What the result means chemically
A pH of 10.82 means the solution is distinctly basic, but not strongly caustic in the way a comparable concentration of sodium hydroxide would be. The equilibrium heavily favors unreacted NH3 over NH4+ and OH-, so most of the ammonia remains in molecular form. This is typical behavior for weak bases: only a small percentage ionizes, yet enough hydroxide is formed to move the pH well above neutral.

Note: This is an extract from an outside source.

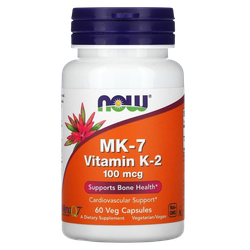 Now Foods MK-7 Vitamin K-2 100 mcg , Витамин К2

The percent ionization can be estimated from:
percent ionization = x / initial concentration × 100%
Using x ≈ 6.62 × 10-4 M and initial concentration 0.025 M:
percent ionization ≈ 2.65%
This means about 97.35% of the ammonia remains as NH3 at equilibrium. In other words, only a small portion accepts protons from water to form ammonium and hydroxide.

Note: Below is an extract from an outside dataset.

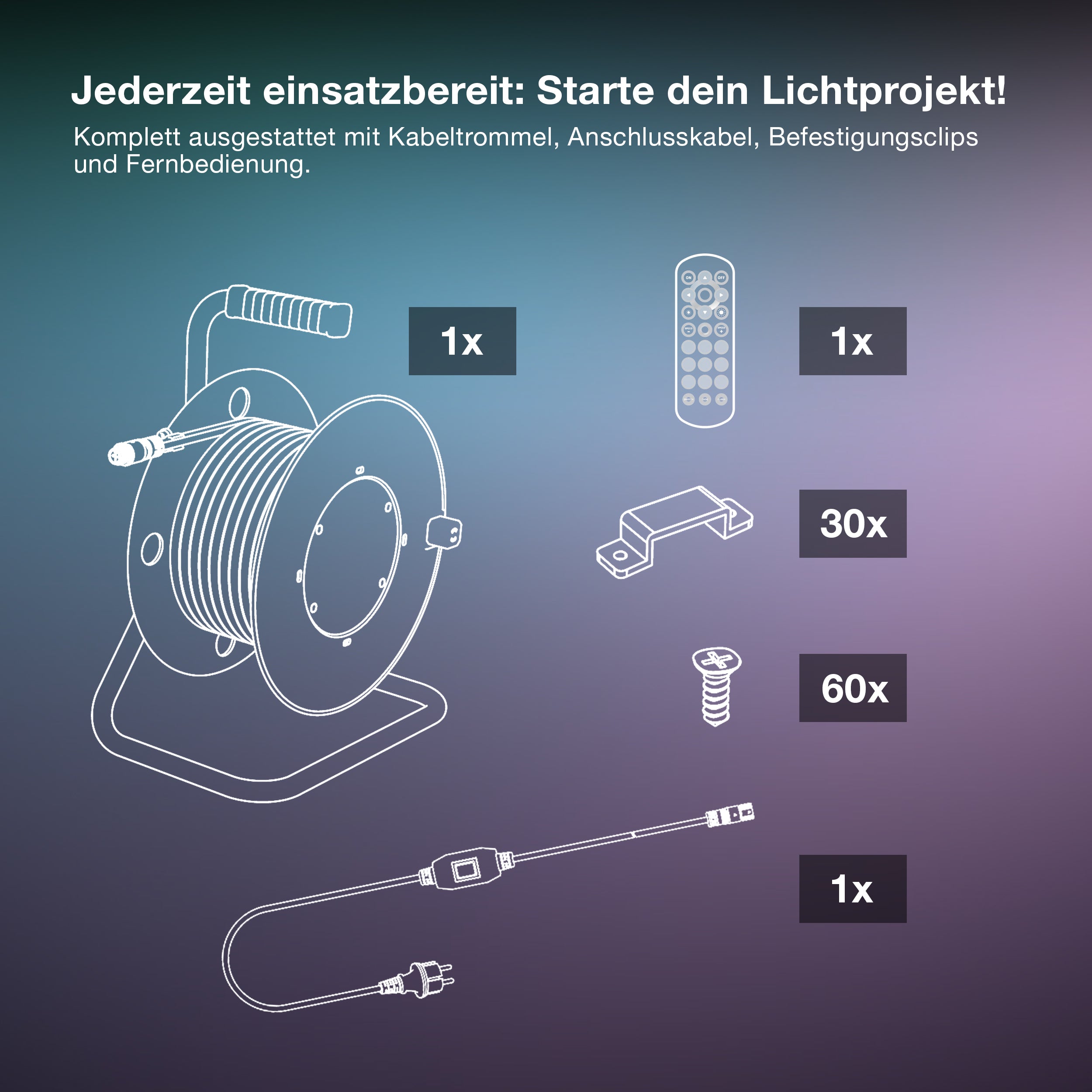 OSRAM OUTDOOR FLEX LED Streifen RGB 10M RGB Fernbedienung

Reference data and authoritative chemistry resources
If you want to verify weak-base chemistry principles, acid-base equilibria, and standard water ion-product assumptions, these authoritative sources are useful:
- LibreTexts Chemistry for equilibrium, ICE tables, and weak base treatment
- National Institute of Standards and Technology (NIST) for scientific constants and measurement standards
- U.S. Environmental Protection Agency (EPA) for ammonia-related chemistry and water quality context
You can also consult university chemistry departments and open educational resources on weak acids and weak bases. Good examples include course notes from .edu domains and chemistry education libraries.

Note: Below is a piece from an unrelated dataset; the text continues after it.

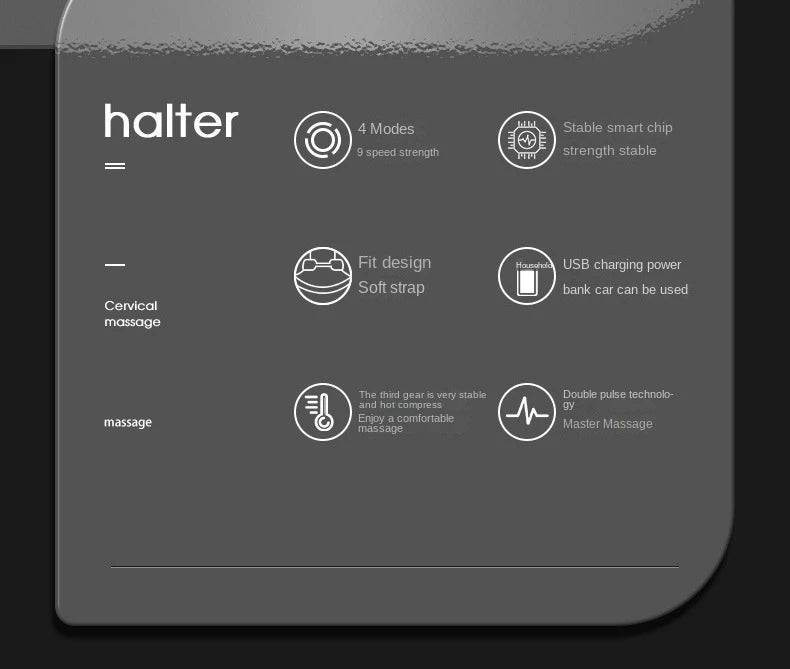 Intelligent Hanging Neck Massager - Portable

Fast exam shortcut for this exact problem
If you are under time pressure, the fastest route is:
- Write NH3 + H2O ⇌ NH4+ + OH-
- Use x = √(Kb × C)
- x = √((1.8 × 10^-5)(0.025)) ≈ 6.7 × 10^-4
- pOH = -log(6.7 × 10^-4) ≈ 3.17
- pH = 14.00 – 3.17 = 10.83
Then, if your instructor wants exactness, you can mention that the quadratic gives 10.82, and because the percent ionization is below 5%, the approximation is justified.
Final summary
To calculate the pH of 0.025 M NH3 with Kb = 1.8 × 10-5, set up the weak base equilibrium, define x as the hydroxide concentration, and solve the expression Kb = x2 / (0.025 – x). The exact quadratic result gives [OH-] ≈ 6.62 × 10-4 M, pOH ≈ 3.18, and pH ≈ 10.82. The square-root approximation also works well and produces nearly the same answer. This problem is a classic example of how weak bases differ from strong bases: the solution is clearly basic, but only a small fraction of the dissolved base ionizes.